Since the purpose of the research is to identify the characteristics of the electric sector users, who incur in irregularities of some kind in their consumption, this report intends to identify the variables that are more closely related or have a higher correlation with the variable of interest (irregularity). With this objective, it is sought to perform a multidimensional scaling to the data set that allows visualizing in some way the dependence between the variables that have been considered, based on the frequency that they present. In addition, the k-means models and decision trees are implemented for each of the data sets under study.

In light of the problem, the behavior of consumption in both companies will be studied and compared by statistical analysis according to the variables of social stratification of users, and given the characteristics of the database two of them will be considered in this case. Also, the consumption behavior, according to the variable of geographic type "zone", is always in relation to the objective variable.

A set of tools will be used to determine the variables incident on the response variable, so that a reduction of the dimension of each of the data sets can be achieved by implementing a multidimensional scaling, this forms a decrease in the estimated execution times of the models implemented. Additionally, some descriptive techniques are recommended to detect anomalous situations in a data set that enhances the selection of the mentioned characteristics. Finally, an implementation of decision trees and vector support machines is carried out, which allows us to determine the efficiency of the selection of the variables by means of a comparative analysis among the models obtained with the complete base and with the reduced set.

2.1. Nature of the data

In order to solve the problem, we have considered the databases of two Colombian companies, energy marketers, which serve two regions of the country that are culturally and topographically different. For this purpose, we will call them Company 1 and Company 2.

To get an idea of the sociocultural characteristics of the users of each of these companies, it will be said that Company 1 serves a region with a relatively homogeneous idiosyncrasy, and with an urban topography, which changes from municipality to municipality. However, it does not present abrupt jumps.
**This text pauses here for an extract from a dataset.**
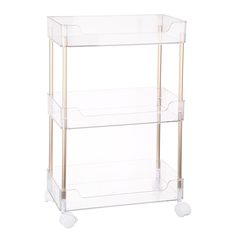 VETTA Этажерка трёхъярусная "Стокгольм", 40,5x22,5x64 см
Company 2, for its part, serves a more heterogeneous area, both cultural and geographical.

The data used are taken from the bases of the respective companies obtained from the complete set of each one of the companies, keeping the total number of users and keeping those variables of interest. Thus, for the two companies, there are three common characteristics: Consumption in kWh, which records the consumption in kWh per user in each period, the period or date in which the measurement is made, the account number, the socio-economic variable, and the objective variable, which in this case will be called Irregularity (Irreg). Each of the companies also has an extensive list of variables that complement their data, not all of them registered in the two companies, so for Company 2 we will see additional characteristics of its structure, such as zones, reading cycles, among others.

As non-technical losses are due to both fraud and infrastructure failures, the variable response has been called irregularity (Irreg) for the two case studies that have been carried out. It registers all users of the system that were visited by the company inspection group. It is a dichotomous variable that is marked with one or “True” if in the visited site a non-technical loss of any type was found, and with 0 or “False”, if no abnormality was found.

Finally, it is worth highlighting that the problem being solved is oriented to the detection of fraud, according to the fraud feature proposed by [8]. This is a low-frequency event, it is then that the two sets are unbalanced, with a greater proportion of regular users than irregular ones.

3. Techniques and models

The following lines describe the statistical techniques that were implemented with the objective of determining the dependence or proximity between the variables. A description is also given of the mining models that are implemented in the solution of the problem.

3.1. Multidimensional scaling - PROXCAL analysis

Multidimensional scaling, hereinafter called MDS, is a multivariate technique that allows us to represent the measures of similarity (or dissimilarity) between a set of objects or subjects or variables as distances between two points in a space of low dimension [15]. It is a tool that, besides allowing us to establish similarities between objects, also allows us the evaluation of the relation between the variables that are measured in a set of data [16].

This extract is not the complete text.